Philippine riddles make allusions too, to the horse: “Kabayu ng Adan, e mangan nung eme sakyan” (Adam’s horse will not eat unless you ride on it. Ans.: coconut grater). A more cryptic riddle runs: “Ing buntuk na kabayo, ïng batal na pari, ing katawan na ulad, ing bitis na lagari.” (It’s got the head of a horse, the neck of a priest, the body of a worm, the feet of a saw. Ans.: Locust).

 Around the house, there are domestic objects that refer to the horse. The animal gave its name to the old folding wooden ironing boards that resembled the 4-legged creature--the ‘pakabayu”. In the 19th century, children played “juego de anillo”, a game in which they attempted to collect hanging rings with a wooden sword while riding hobby horses of sticks. “Kabayuan” is to ride the back of a playmate in a horseplay, while “mangabayu”refers to the horse rider. Ironically, despite the graceful form and handsome figure of the horse, to be called “lupa kang kabayu” (to have the face of the horse) was tantamount to being called ugly.

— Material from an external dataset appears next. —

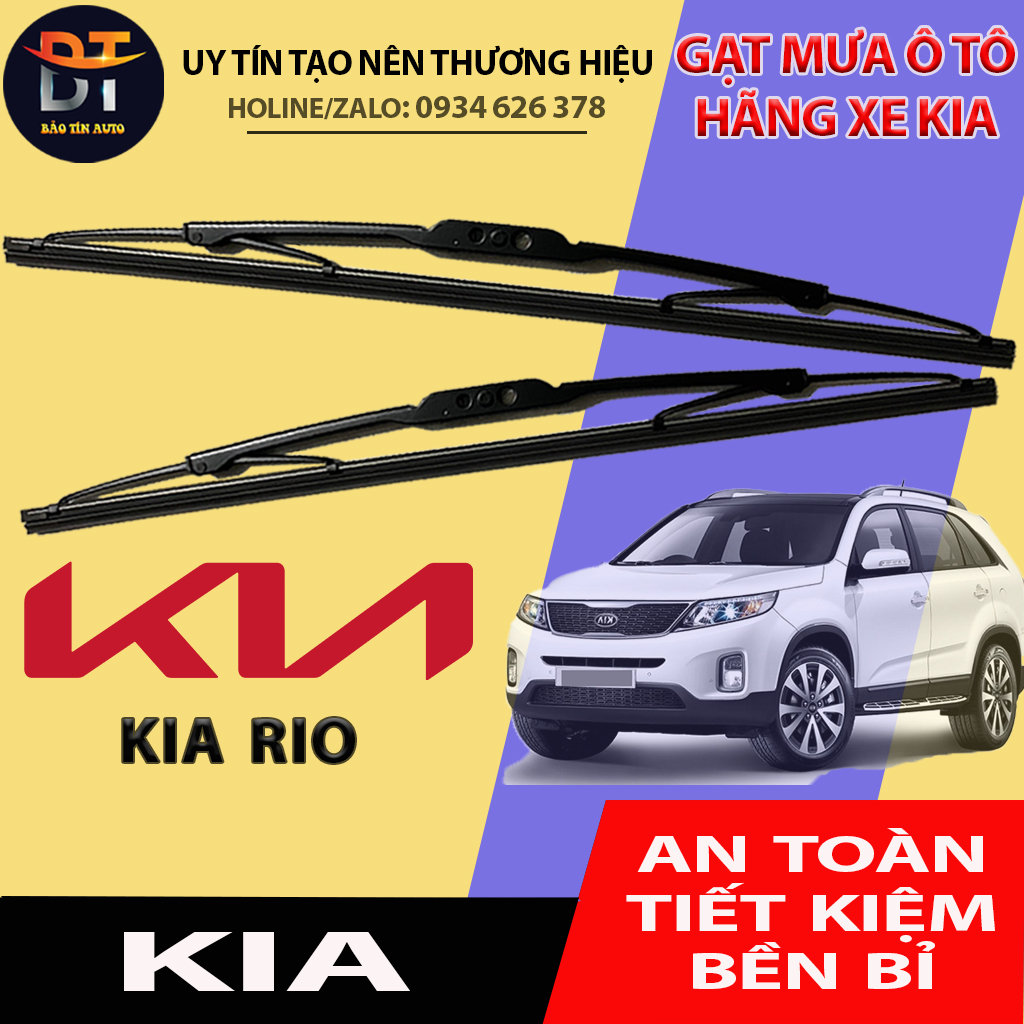 [Kia Rio] Bộ gạt mưa xe ô tô Kia Rio cần lưỡi gạt nước kính oto xe hơi khung xương cứng, thanh chổi gạt mưa xe oto, lá lúa gạt mưa Kia Rio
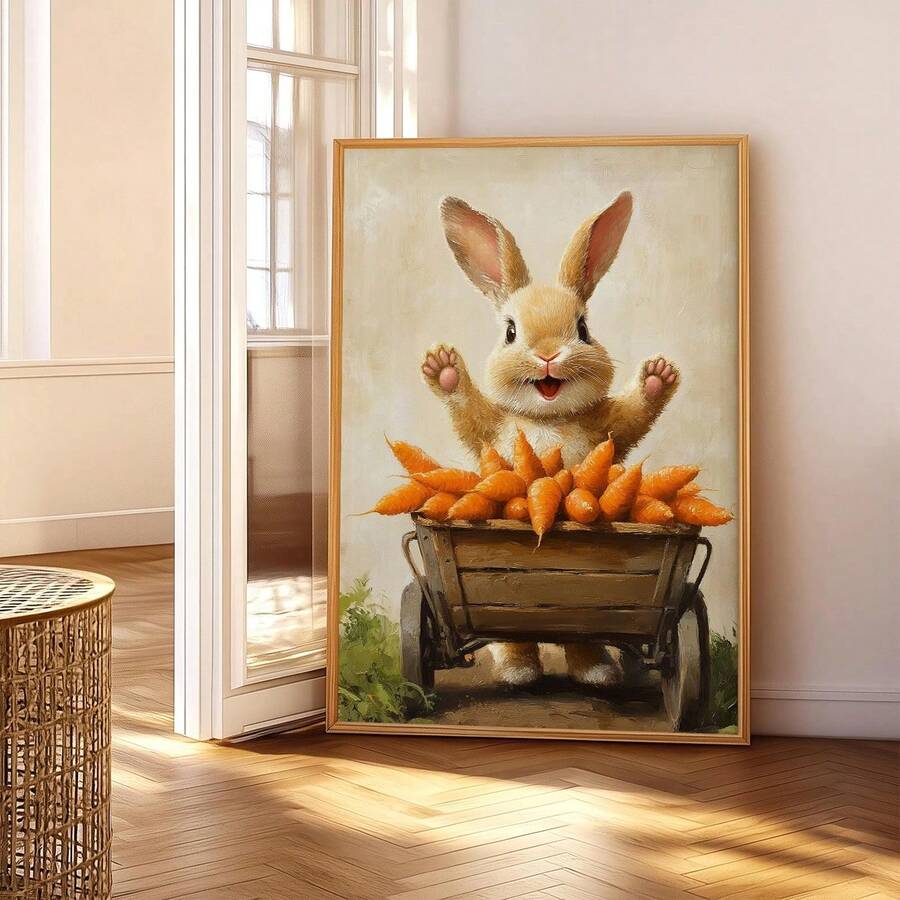 Bring whimsy and warmth to any space with this charming rabbit and carrot canvas wall art. Featuring a delightful cartoon design, this piece combines playful animal and plant patterns perfect for kids' rooms, nurseries, or spring-themed celebrations.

Blame it on the horrific image of the “tikbalang", that huge cigar-smoking, tree-sitting denizen of Philippine folklore who took the shape and features of a horse, albeit elongated and uglier looking. The movies too, perpetuated the image of a laughable horse—as in the 1958 fantasy film about a talking horse, “Silveria, Ang Kabayong Tsismosa”, starring Dolphy. Why, even a comedian became famous in the 80s because of his resemblance to a horse—“Ritchie D’Horsie”.

 Richard III may have lost his life and kingdom for a horse, but this trusty animal has existed long enough to witness the gallantry of men and heroes: Bucephalus led Alexander the Great to his many conquests, Rocinante followed Don Quixote to his many adventures and an unnamed white steed of the young boy general, Gregorio Del Pilar accompanied him to his martyrdom. In recent memory, a world-class horse raced to glory with Kapampangan equestrienne Mikee Cojuangco’s gold medal winning performance at the 2002 Asian Games in Busan, Korea.

 Loyal, dependable and trustworthy, our equine friend has certainly managed to gallop its way into our hearts, homes and history.